In the bond markets, US yields have edged higher today with investors looking ahead to the FOMC policy decision due tomorrow. The US Dollar has also gained in currency space with the Dollar Index at its highest level since the start of the year.
We did also see some upside in the Canadian Dollar after Bank of Canada Governor Poloz said the view of the economy is quite good, even with the shadow cast by household debt.
He added that the economic progress they have seen makes them confident that higher interest rates will be warranted over time.
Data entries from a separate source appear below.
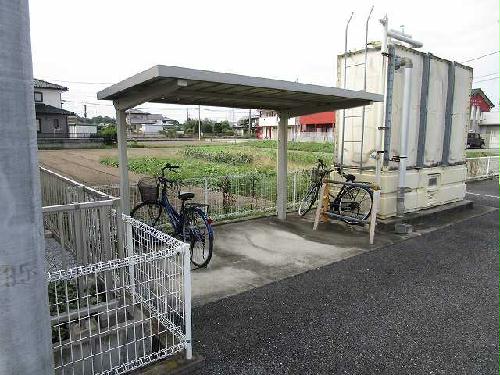 その他共有部分　駐輪場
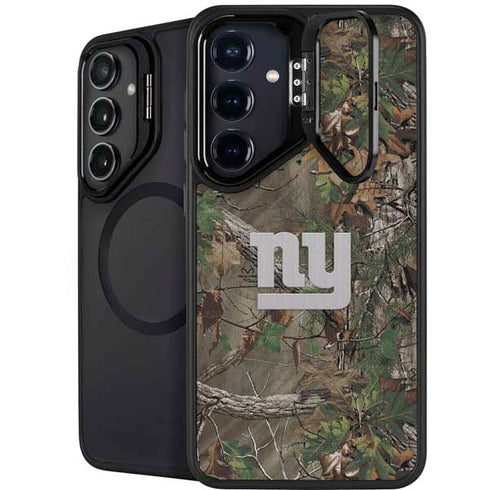 NFL New York Giants Realtree Xtra Green Camo Galaxy S24 Plus Kickstand Case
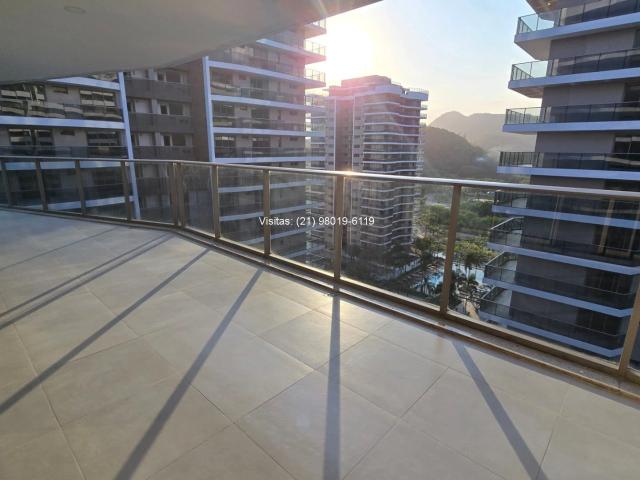 Apartamento para Venda em Rio de Janeiro/RJ Barra Olímpica 4 Quartos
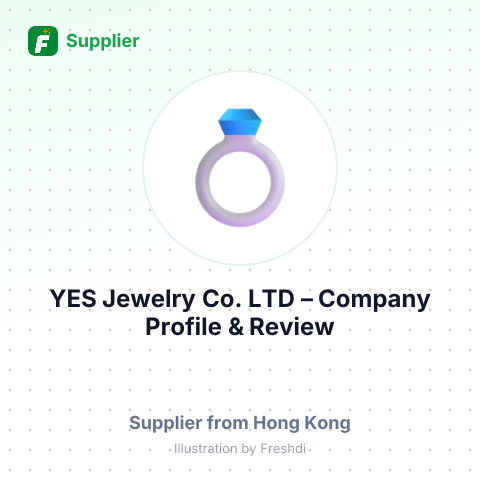 YES Jewelry Co., LTD – summary card, no photo uploaded yet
Elsewhere, US Trade Representative Lighthizer said he is always hoping but not always hopeful of a trade deal with China.
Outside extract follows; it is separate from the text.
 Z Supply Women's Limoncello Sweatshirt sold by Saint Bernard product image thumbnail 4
He also said they are making good progress with the EU on steel and aluminium tariffs. The White House later said that the expect to complete negotiations with Canada, Mexico and the EU on aluminium and steel tariffs within thirty days.
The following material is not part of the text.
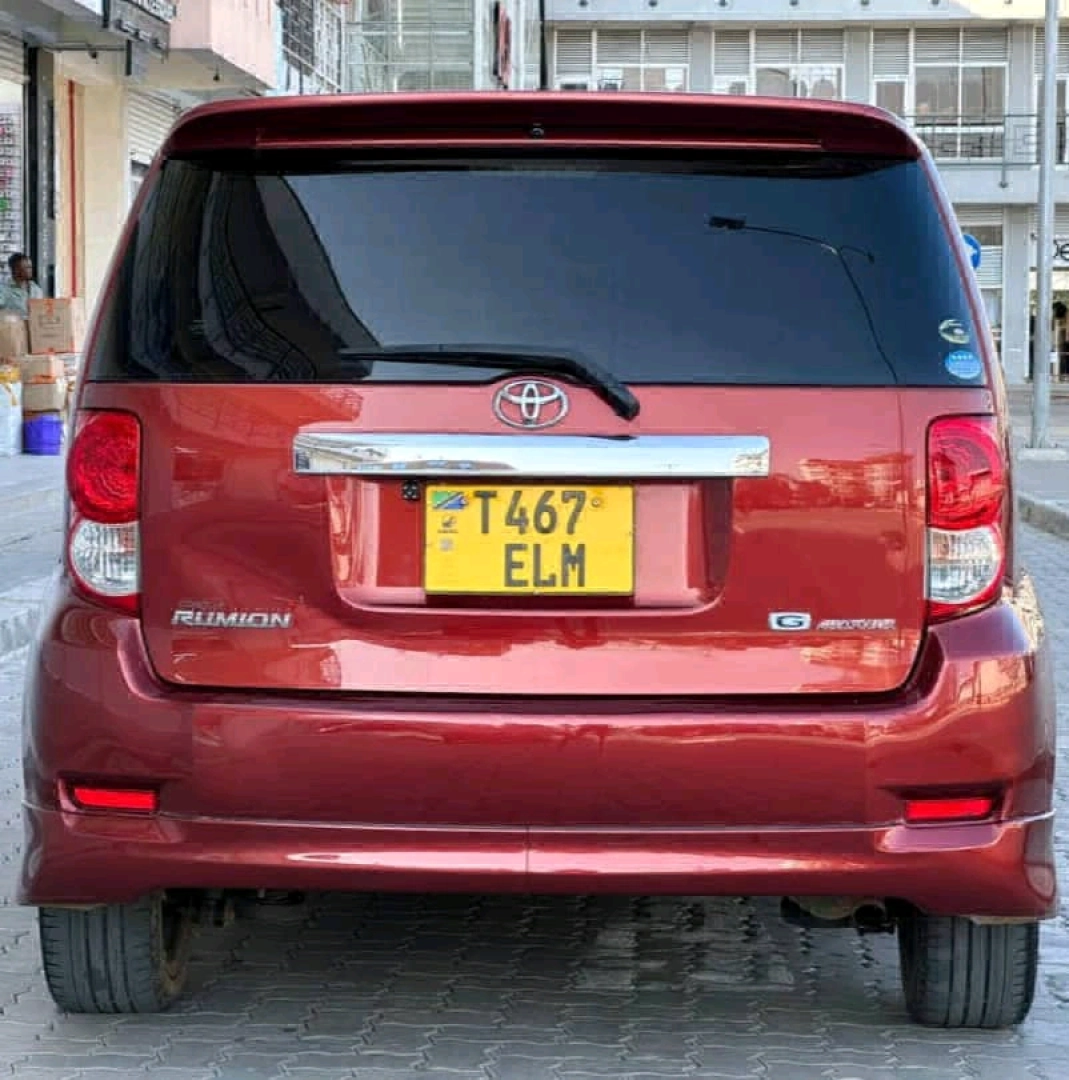 Toyota Rumion 2008 Model thumbnail 6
* Theresa May expected to back EU ‘customs partnership’ (FT):
– Theresa May is expected to back a new hybrid “customs partnership” between Britain and the EU on Wednesday, defying critics who claim the system is “bonkers” and will see the UK forced to stay in a customs union by default.
* Atlanta Fed GDPNow (Q2) unchanged at +4.1%
* Canadian Foreign Minister Freeland again noted good progress on auto content rules.
* US Trade Representative Lighthizer said he is always hoping but not always hopeful of a trade deal with China. He also said they are making good progress with the EU on steel and aluminium tariffs.
* White House Trade Advisor Navarro said tariff relief will not be extended again for Canada and Mexico.
* White House said they expect to complete negotiations with Canada, Mexico and the EU on aluminium and steel tariffs within thirty days.
* US President Trump said the location of the North Korean summit could come within days.
* Bank of Canada Governor Poloz:
– Ultimately, the Bank’s job is to look at the economy as a whole and judge the outlook for inflation. Today, the view is quite good, even with the shadow cast by household debt. This debt still poses risks to the economy and financial stability, and its sheer size means that its risks will be with us for some time.
– But there is good reason to think that we can continue to manage these risks successfully.
– The economic progress we have seen makes us more confident that higher interest rates will be warranted over time, although some monetary policy accommodation will still be needed.
– We will continue to watch how households and the entire economy are reacting to higher interest rates. And we will be cautious in making future adjustments to monetary policy, guided by incoming data.
* US Auto Sales (Apr) 17.15 Mln versus 17.10 Mln expected, previous 17.48 Mln
* US crude futures settled at $67.25 (-$1.32) | Brent crude futures settled at $73.13 (-$1.56).